Set in a regimental barracks in 1950, Major Jock Sinclair (Stuart McGugan) is a man who has worked his way through the ranks but his love of the bottle and his laissez-faire approach to management is about to come to an abrupt end. In comes Colonel Basil Burrow (Patrick Ryecart), a stickler for the rules and completely at odds with Jock's laid back attitude to life.
With a premise like this you may expect fireworks, powerhouse performances and gripping subplots to keep you glued to your seat. Alas, this not so as the narrative crawls at a snail's pace and this is not helped by constant set changes which remove the audience from the action.
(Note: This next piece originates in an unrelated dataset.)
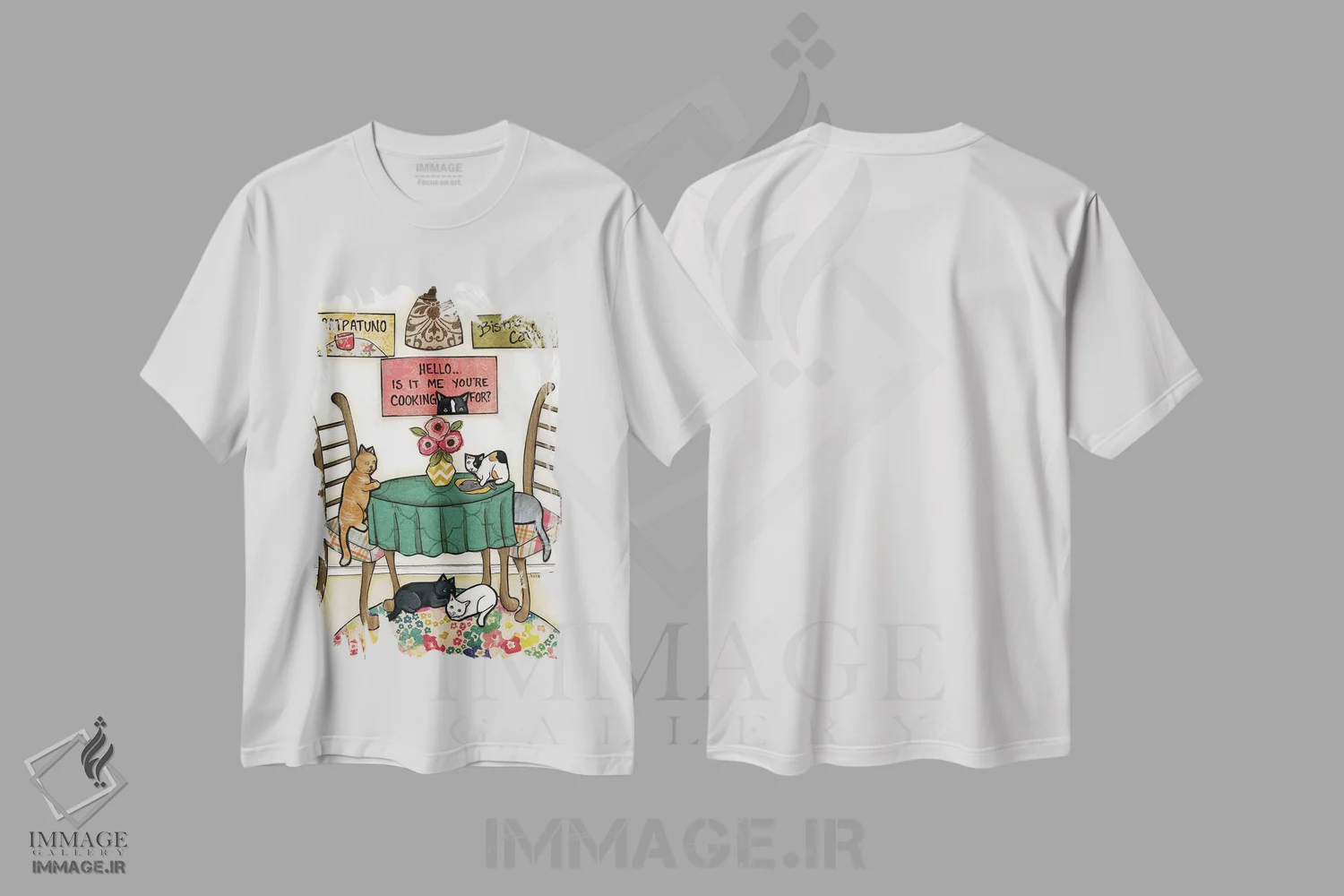 تیشرت سفید طرح دار – تیشرت گربه ,کت پاتونو اثر جیمی موراث فروشگاه ایماژ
The music, although beautiful, is too loud and repetitive to have the desired effect of moving people to tears.
Film projections are used during many scenes. Some of the video footage simply repeats what can be seen on stage. One clumsily inserted moving image highlights Colonel Burrow's fragile state of mind. This feels patronizing as the audience again feels robbed of an imagination.
Of the actors, McGugan is more than adequate; but even he cannot stop the play from descending into unintentional comedy. As Jock leaves the stage crying "Take Me Home" you may end up wanting to join him. Ryecart fares even less well as he is simply not as authoritative, scary or believable as he should be. You do not feel for him at all, yet the whole plot hinges on the plight of this broken man.
Michael Lunney is the set designer, director, producer and actor. This is a major problem as this piece feels like a vanity project based on his love of a film. Rose-tinted affection is not enough to save this mind-numbing epic from being a complete waste of time.
With gripping explorations of war such as Journey's End wowing audiences with its raw emotion, there is no place for a misguided mess such as this. Even fans of the film will go home wondering what the point was.